__What you have to do__: In the records that come next, find every line with "Collagen". Return those lines.

__Data provided__:
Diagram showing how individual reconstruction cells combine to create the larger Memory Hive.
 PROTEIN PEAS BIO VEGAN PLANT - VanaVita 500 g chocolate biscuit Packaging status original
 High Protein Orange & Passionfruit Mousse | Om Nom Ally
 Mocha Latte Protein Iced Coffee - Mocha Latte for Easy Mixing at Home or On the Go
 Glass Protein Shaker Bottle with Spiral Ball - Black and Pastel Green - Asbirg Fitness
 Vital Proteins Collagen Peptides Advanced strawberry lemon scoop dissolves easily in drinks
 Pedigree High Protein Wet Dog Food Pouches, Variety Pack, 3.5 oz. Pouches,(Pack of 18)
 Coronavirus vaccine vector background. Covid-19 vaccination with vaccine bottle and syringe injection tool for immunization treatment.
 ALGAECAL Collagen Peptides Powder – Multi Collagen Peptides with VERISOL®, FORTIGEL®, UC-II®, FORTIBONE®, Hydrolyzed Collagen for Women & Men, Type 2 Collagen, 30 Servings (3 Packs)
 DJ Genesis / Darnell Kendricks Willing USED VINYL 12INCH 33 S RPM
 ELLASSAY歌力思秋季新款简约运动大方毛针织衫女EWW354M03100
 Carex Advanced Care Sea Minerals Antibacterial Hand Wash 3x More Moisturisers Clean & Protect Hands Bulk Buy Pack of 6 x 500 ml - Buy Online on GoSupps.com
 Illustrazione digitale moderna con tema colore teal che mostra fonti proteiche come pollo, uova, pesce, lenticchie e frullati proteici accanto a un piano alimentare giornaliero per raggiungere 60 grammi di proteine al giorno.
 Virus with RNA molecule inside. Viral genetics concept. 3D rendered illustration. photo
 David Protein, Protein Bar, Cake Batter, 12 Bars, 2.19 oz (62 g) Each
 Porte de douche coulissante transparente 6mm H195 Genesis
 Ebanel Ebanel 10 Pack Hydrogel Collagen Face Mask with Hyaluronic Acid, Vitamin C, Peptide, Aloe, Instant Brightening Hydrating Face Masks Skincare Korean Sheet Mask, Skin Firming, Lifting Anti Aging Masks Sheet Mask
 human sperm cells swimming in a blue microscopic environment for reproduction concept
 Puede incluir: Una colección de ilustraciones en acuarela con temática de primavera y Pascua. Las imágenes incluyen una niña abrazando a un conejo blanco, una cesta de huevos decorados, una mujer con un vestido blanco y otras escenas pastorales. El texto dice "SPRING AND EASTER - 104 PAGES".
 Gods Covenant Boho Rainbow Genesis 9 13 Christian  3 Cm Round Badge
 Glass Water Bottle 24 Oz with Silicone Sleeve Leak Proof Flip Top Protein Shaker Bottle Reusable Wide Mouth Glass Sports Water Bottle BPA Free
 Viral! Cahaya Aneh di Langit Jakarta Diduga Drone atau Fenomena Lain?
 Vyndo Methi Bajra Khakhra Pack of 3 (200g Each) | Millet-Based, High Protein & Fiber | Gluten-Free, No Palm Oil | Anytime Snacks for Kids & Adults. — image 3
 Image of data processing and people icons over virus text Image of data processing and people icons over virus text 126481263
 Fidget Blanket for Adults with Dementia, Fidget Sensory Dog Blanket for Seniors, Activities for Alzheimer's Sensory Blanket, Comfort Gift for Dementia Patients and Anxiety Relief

__Worked solution__:
 Vital Proteins Collagen Peptides Advanced strawberry lemon scoop dissolves easily in drinks
 ALGAECAL Collagen Peptides Powder – Multi Collagen Peptides with VERISOL®, FORTIGEL®, UC-II®, FORTIBONE®, Hydrolyzed Collagen for Women & Men, Type 2 Collagen, 30 Servings (3 Packs)
 Ebanel Ebanel 10 Pack Hydrogel Collagen Face Mask with Hyaluronic Acid, Vitamin C, Peptide, Aloe, Instant Brightening Hydrating Face Masks Skincare Korean Sheet Mask, Skin Firming, Lifting Anti Aging Masks Sheet Mask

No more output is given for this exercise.